Exercise requirements: Once the pictures are set aside, reproduce all of the records exactly.

Record set:

####

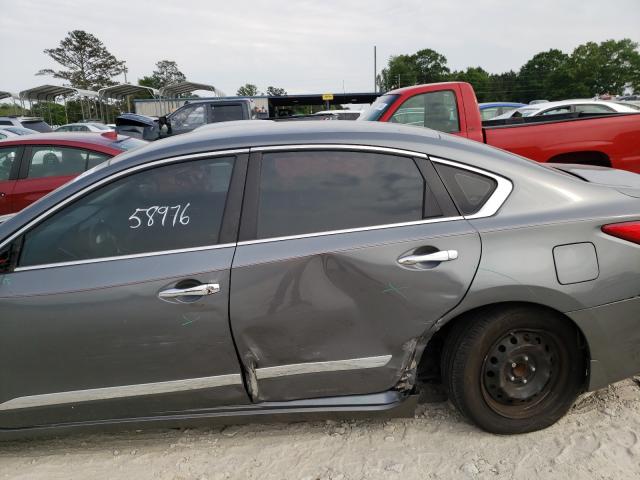 Photo 8 VIN: 1N4AL3AP0GN331866 - NISSAN ALTIMA 2.5 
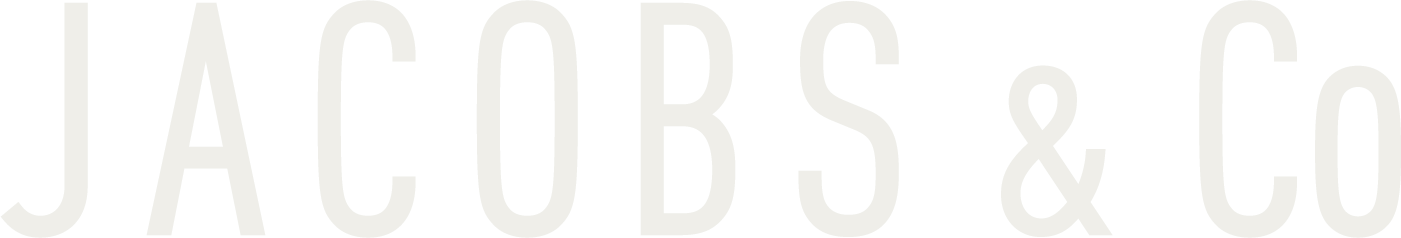 Jacobs & Co. Steakhouse logo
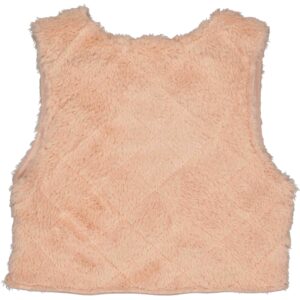 Quapi - Jacket Hilde - Soft Pink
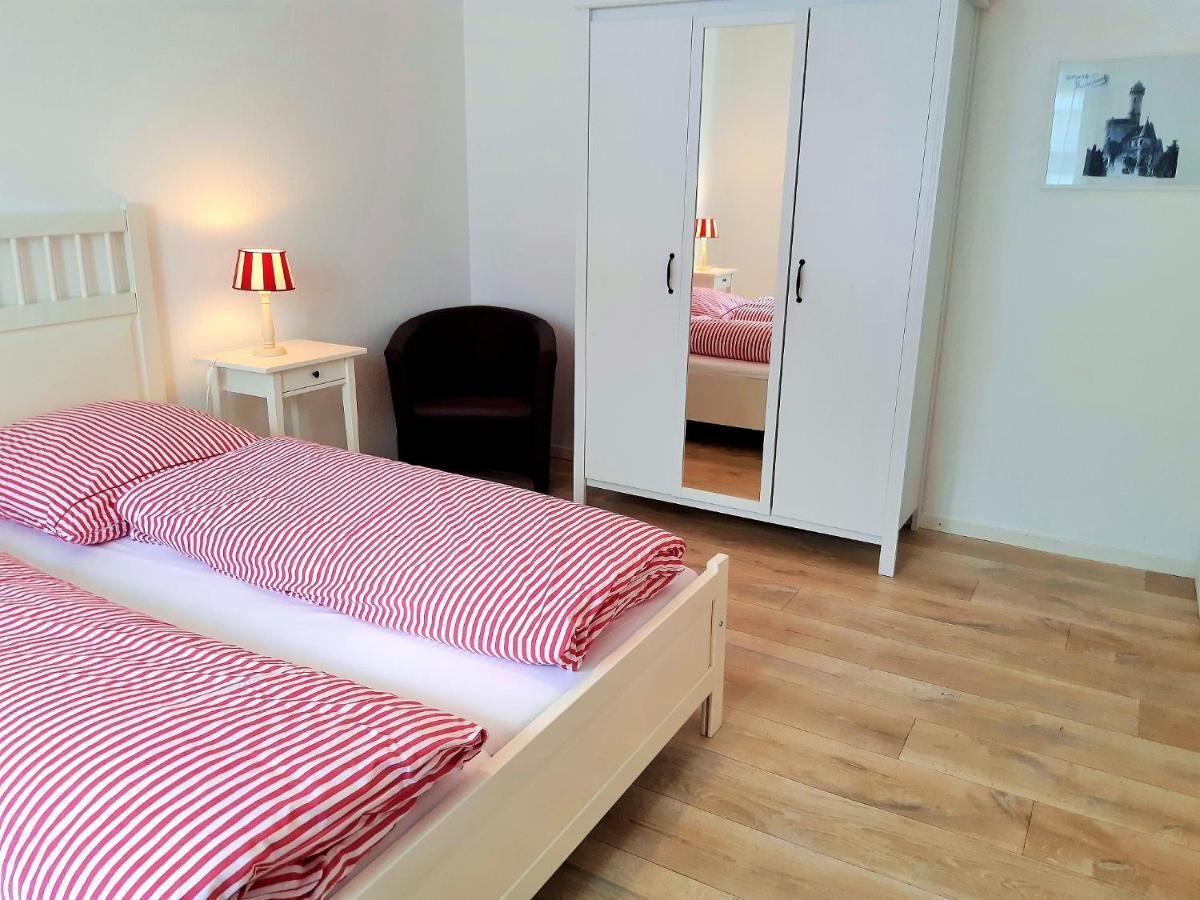 Ferienwohnung Anna Winterberg Exteriér fotografie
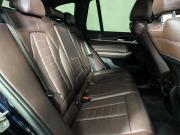 BMW X3 III (G01) Москва  - изображение 36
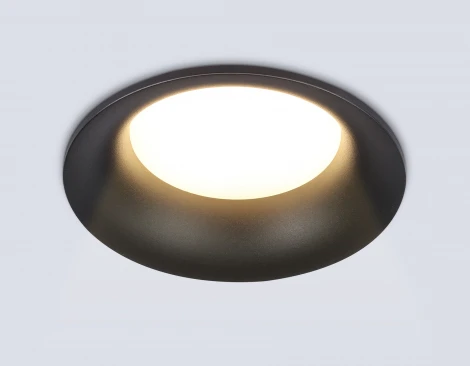 Встраиваемый точечный светильник Ambrella Techno Spot TN51811 (220V, круглые)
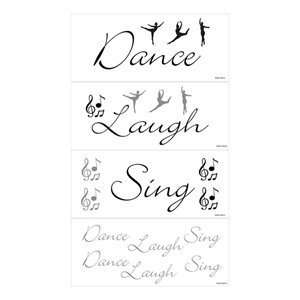  Wallpaper Snap Dance, Laugh, Sing SNAP1083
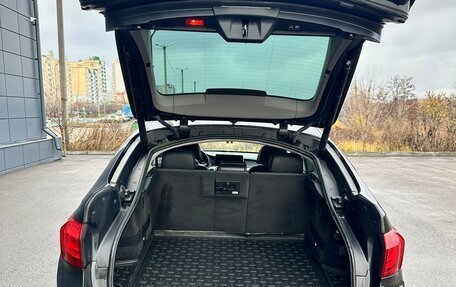 BMW 5 серия, 2013 год, 2 300 000 рублей, 13 фотография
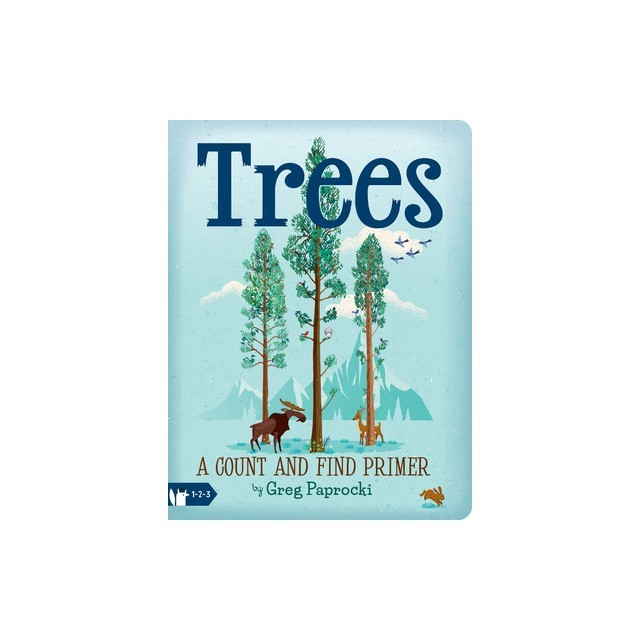 Trees: A Count and Find Primer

####

Exercise response:
 Photo 8 VIN: 1N4AL3AP0GN331866 - NISSAN ALTIMA 2.5 
 Jacobs & Co. Steakhouse logo
 Quapi - Jacket Hilde - Soft Pink
 Ferienwohnung Anna Winterberg Exteriér fotografie
 BMW X3 III (G01) Москва  - изображение 36
 Встраиваемый точечный светильник Ambrella Techno Spot TN51811 (220V, круглые)
  Wallpaper Snap Dance, Laugh, Sing SNAP1083
 BMW 5 серия, 2013 год, 2 300 000 рублей, 13 фотография
 Trees: A Count and Find Primer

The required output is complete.